Pub Date: 01 Mar 2008
Publisher: Ediciones la Calavera
Cultural Writing. Essays. Literary Criticism. Dziga Vertov's 'Man With a Movie Camera' is widely regarded as the definitive modernist statement in film. What fate awaits it – and you, devoted reader -in the current era of political disarray and highspeed wireless traffic? This collection - over four years in the making – devoted to just a single frame of film may reveal the answer. This is the Special Jubilee Edition of VERTOV FROM Z TO A in honor of the 90th Anniversary of the October Revolution.
Contributors include Abu Ali, Bruce Andrews, Yann Beauvais, Ericka Beckman, Walter Benjamin, Diane Bertolo, Francois Bucher, Edwin Carels, Abigal Child, Ludovic Cortade, Brian Frye, Joy Garnett, Marina Grzinic, Michelle Handelman, Peter Hitchcock, Robert Kelly, Marina de Bellagente LaPalma, David Larcher, Barbara Lattanzi, Les LeVeque, David Levi Strauss, Jeanne Liotta, Laura U. Marks, Julie Murray, Kristin Prevallet, Cathy Nan Quinlan, Melissa Ragona, John David Rhodes, Jason Simon, John Smith, Michael Smith, Allan Sondheim, Caspar Stracke, Beatrus van Agt, Mercedes Vincente, William C. Wees, Peter Lamborn Wilson, Ghen Zando-Dennis and Thomas Zummer.
'Vertov's Accident' (Or, 'The Paint Still')
--Joy Garnett (Ca. Autumn 2003, NYC)
I'VE BEEN LIVING WITH Vertov's mystery image. At first, I didn't think much of it, I just set it to my desktop wallpaper so I would see it every day. Later on I blew it up and printed it out. Rumpled copies of it have lain scattered on various surfaces for months, in the studio, at work, on the floor, under stacks of mail and other things. I've grown used to seeing it around.

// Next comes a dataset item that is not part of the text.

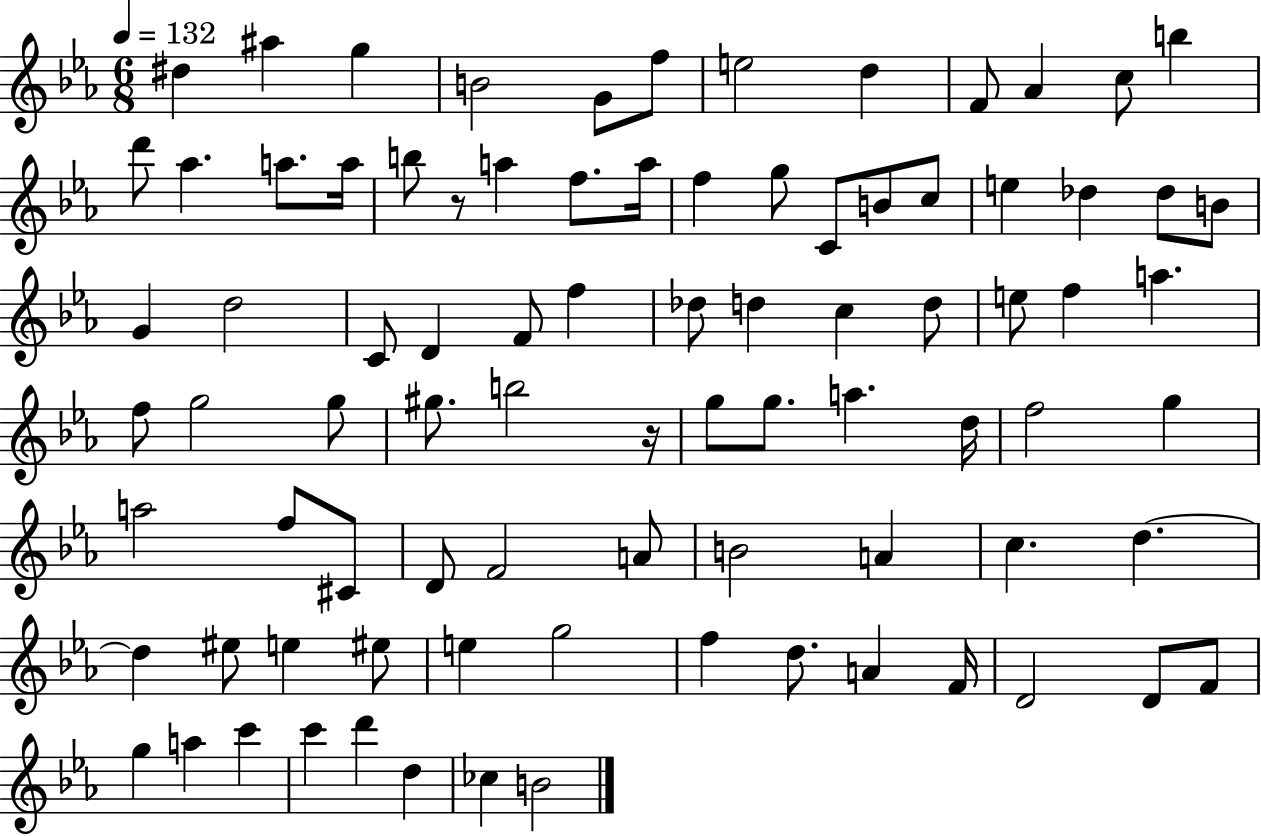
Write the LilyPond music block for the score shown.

I thought I should do some homework, that it might be a good thing to know where this image comes from. Never having seen Vertov's film, I ordered it on video, but I found myself avoiding every chance to watch it. I guess I don't want to know - I've become attached to my own feelings about the image. Knowing what it's supposed to be would certainly spoil it for me.

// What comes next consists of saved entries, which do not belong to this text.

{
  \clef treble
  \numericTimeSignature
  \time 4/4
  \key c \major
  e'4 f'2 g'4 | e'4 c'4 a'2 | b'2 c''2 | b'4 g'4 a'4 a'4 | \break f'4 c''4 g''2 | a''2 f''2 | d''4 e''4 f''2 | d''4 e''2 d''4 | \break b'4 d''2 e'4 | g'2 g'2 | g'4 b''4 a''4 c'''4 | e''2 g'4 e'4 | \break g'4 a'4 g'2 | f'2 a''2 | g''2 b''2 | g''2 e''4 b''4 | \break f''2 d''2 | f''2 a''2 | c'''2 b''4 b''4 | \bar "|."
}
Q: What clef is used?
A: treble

Mystery aside, the "mystery still" has a certain obviousness: it implies speed, movement, a shiny wetness. Perhaps all that adds up to suggest is a lack of control, some slapstick moment when the camera - the head - is left spinning like a top, the very image of vertigo. Or it could be one of those hilariously skiddy cartoon incidents: the whirling of the Tasmanian Devil, or, if you turn the image sideways, Wile E. Coyote plummeting for the -nth time off a towering precipice, trailing vertical lines but minus the little puffs of air.
Once tipped on its side, the image again reveals itself as the impossibly long gleaming hair of the Breck Girl, seen at close range; or maybe it's a wide, nylon paintbrush, the kind you use for walls. Something with a natural wave.
Sometimes the image feels like a straight photograph, especially since we regard it through its black frame, an instant mechanically reproduced without the aid of the hand. It suggests the slippery filming of some wet stretch of road at night, the reflective glare of headlights. It must be a photograph of an accident, possibly taken by accident.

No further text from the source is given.